-- The records follows --

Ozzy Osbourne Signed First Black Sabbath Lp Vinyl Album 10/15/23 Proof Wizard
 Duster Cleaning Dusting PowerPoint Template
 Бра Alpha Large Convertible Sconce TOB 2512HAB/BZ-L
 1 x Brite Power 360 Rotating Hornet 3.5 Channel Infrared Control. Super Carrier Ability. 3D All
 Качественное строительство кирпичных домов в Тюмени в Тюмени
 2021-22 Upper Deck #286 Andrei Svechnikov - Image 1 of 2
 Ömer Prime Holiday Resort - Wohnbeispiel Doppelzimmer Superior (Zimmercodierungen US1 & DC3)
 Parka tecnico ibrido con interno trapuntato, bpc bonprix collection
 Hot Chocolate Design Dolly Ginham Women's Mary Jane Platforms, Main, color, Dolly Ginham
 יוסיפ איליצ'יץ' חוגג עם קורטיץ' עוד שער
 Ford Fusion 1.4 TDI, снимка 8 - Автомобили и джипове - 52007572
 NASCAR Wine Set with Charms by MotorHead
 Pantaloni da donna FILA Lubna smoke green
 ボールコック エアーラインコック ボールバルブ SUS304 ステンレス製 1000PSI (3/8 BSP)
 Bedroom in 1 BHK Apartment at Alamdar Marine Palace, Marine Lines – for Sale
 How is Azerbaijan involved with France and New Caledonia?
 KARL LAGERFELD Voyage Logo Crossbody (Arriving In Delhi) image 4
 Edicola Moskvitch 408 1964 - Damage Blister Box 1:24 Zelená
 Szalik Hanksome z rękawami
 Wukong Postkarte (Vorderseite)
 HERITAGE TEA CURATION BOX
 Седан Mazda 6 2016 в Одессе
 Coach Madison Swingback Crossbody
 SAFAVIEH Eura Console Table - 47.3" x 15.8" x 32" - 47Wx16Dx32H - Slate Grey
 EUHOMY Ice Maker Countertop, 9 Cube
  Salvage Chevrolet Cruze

-- The records concluded --

What is being asked
Retype all the records above without changing a word.

Task output
Ozzy Osbourne Signed First Black Sabbath Lp Vinyl Album 10/15/23 Proof Wizard
 Duster Cleaning Dusting PowerPoint Template
 Бра Alpha Large Convertible Sconce TOB 2512HAB/BZ-L
 1 x Brite Power 360 Rotating Hornet 3.5 Channel Infrared Control. Super Carrier Ability. 3D All
 Качественное строительство кирпичных домов в Тюмени в Тюмени
 2021-22 Upper Deck #286 Andrei Svechnikov - Image 1 of 2
 Ömer Prime Holiday Resort - Wohnbeispiel Doppelzimmer Superior (Zimmercodierungen US1 & DC3)
 Parka tecnico ibrido con interno trapuntato, bpc bonprix collection
 Hot Chocolate Design Dolly Ginham Women's Mary Jane Platforms, Main, color, Dolly Ginham
 יוסיפ איליצ'יץ' חוגג עם קורטיץ' עוד שער
 Ford Fusion 1.4 TDI, снимка 8 - Автомобили и джипове - 52007572
 NASCAR Wine Set with Charms by MotorHead
 Pantaloni da donna FILA Lubna smoke green
 ボールコック エアーラインコック ボールバルブ SUS304 ステンレス製 1000PSI (3/8 BSP)
 Bedroom in 1 BHK Apartment at Alamdar Marine Palace, Marine Lines – for Sale
 How is Azerbaijan involved with France and New Caledonia?
 KARL LAGERFELD Voyage Logo Crossbody (Arriving In Delhi) image 4
 Edicola Moskvitch 408 1964 - Damage Blister Box 1:24 Zelená
 Szalik Hanksome z rękawami
 Wukong Postkarte (Vorderseite)
 HERITAGE TEA CURATION BOX
 Седан Mazda 6 2016 в Одессе
 Coach Madison Swingback Crossbody
 SAFAVIEH Eura Console Table - 47.3" x 15.8" x 32" - 47Wx16Dx32H - Slate Grey
 EUHOMY Ice Maker Countertop, 9 Cube
  Salvage Chevrolet Cruze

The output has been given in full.